Organic light emitting devices (OLEDs), which make use of thin film materials that emit light when excited by electric current, are becoming an increasingly popular form of flat panel display technology. There are presently three predominant types of OLED construction: the "double heterostructure" (DH) OLED, the "single heterostructure" (SH) OLED, and the single layer polymer OLED. In the DH OLED, as shown in FIG. 1A, a transparent substrate 10 is coated by an anode layer 11. A thin (100-500 .ANG.) organic hole transporting layer (HTL) 12 is deposited on the anode 11. Deposited on the surface of the HTL 12 is a thin (typically, 50 .ANG.-500 .ANG.) emission layer (EL) 13. The EL 13 provides the recombination site for electrons injected from a 100-500 .ANG. thick electron transporting layer 14 (ETL) with holes from the HTL 12. Examples of prior art ETL, EL and HTL materials are disclosed in U.S. Pat. No. 5,294,870, the disclosure of which is incorporated herein by reference.
The device shown in FIG. 1A is completed by the deposition of metal contacts 15, 16 and a top electrode 17. Contacts 15 and 16 are typically fabricated from indium or Ti/Pt/Au. The electrode 17 is often a dual layer structure consisting of an alloy such as Mg/Ag 17' directly contacting the organic ETL 14, and an opaque, high work function metal layer 17" such as gold (Au) or silver (Ag) on the Mg/Ag. When proper bias voltage is applied between the top electrode 17 and the contacts 15 and 16, light emission occurs from the emission layer 13 through the substrate 10.

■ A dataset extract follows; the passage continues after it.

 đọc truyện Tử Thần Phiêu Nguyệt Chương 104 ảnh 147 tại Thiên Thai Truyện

The SH OLED, as shown in FIG. 1B, makes use of multifunctional layer 13' to serve as both EL and ETL. One limitation of the device of FIG. 1B is that the multifunctional layer 13' must have good electron transport capability. Otherwise, separate EL and ETL layers should be included as shown for the device of FIG. 1A.
A single layer polymer OLED is shown in FIG. 1C. As shown, this device includes a glass substrate 1 coated by an anode layer 3. A thin organic layer 5 of spin-coated polymer, for example, is formed over the anode layer 3, and provides all of the functions of the HTL, ETL, and EL layers of the previously described devices. A metal electrode layer 6 is formed over organic layer 5. The metal is typically Mg or other conventionally-used low work function metal.

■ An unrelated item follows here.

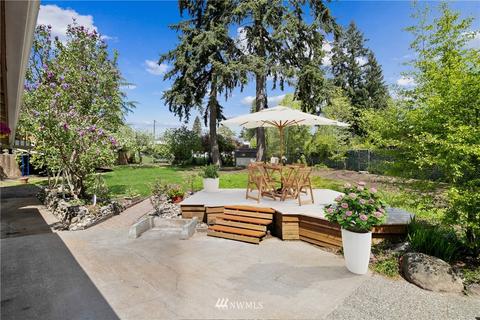 205 241st St SW, Bothell, WA 98021 photo 23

"Full-color emission" can be achieved by devices such as the stacked device shown in FIG. 1D. The device in FIG. 1D includes blue, green and red OLED devices (20, 30, and 40, respectively) for the emission of blue, green and red light, and any combination thereof. It is often difficult to manufacture devices such as that shown in FIG. 1D because the deposition of multiple electrodes (50 and 60) within the stack is often problematic from a processing standpoint and often results in damage to the surrounding organic layers.

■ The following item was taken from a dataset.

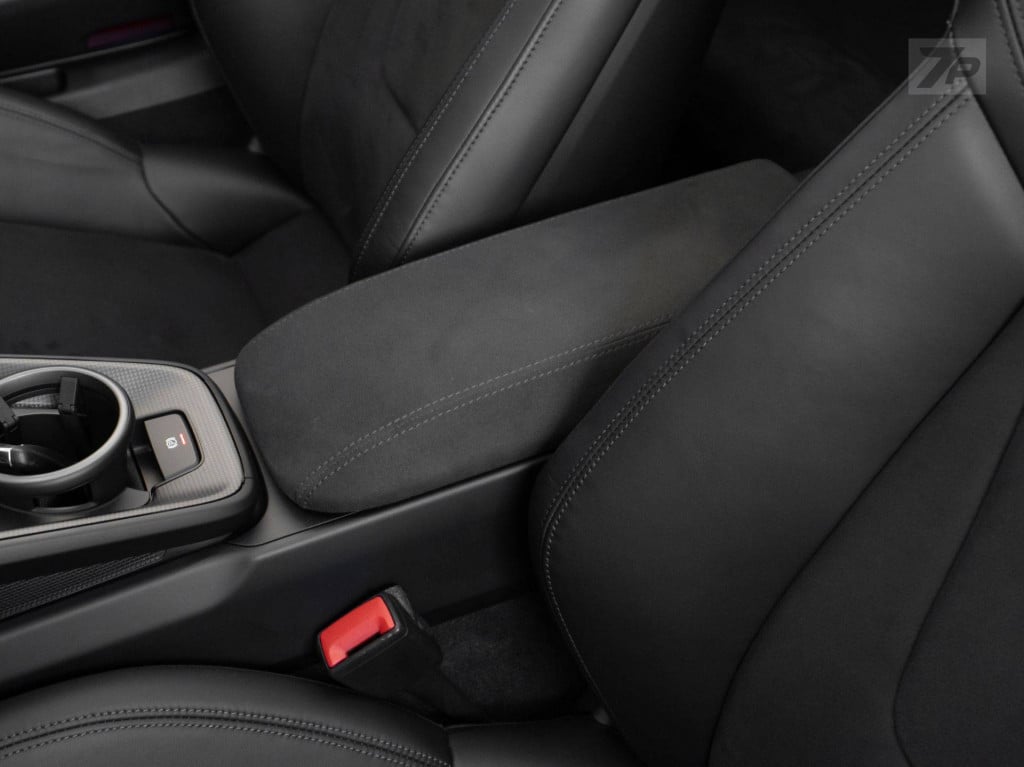Imagem do veículo PORSCHE 911 TARGA 4 GTS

To avoid the potential problems associated with multiple electrodes within OLED stacks, full-color emission has been achieved by placing multiple, single-OLED stacks in a side-by-side configuration within a single pixel as shown in FIG. 1E. In the example shown in FIG. 1E, blue, green and red OLEDs 71, 72 and 73 are placed side-by-side on a common substrate 10 and make use of a common electrode 75. Although this configuration minimizes the use of electrodes, the space required for multiple stacks along the substrate 10 results in a degradation in display resolution.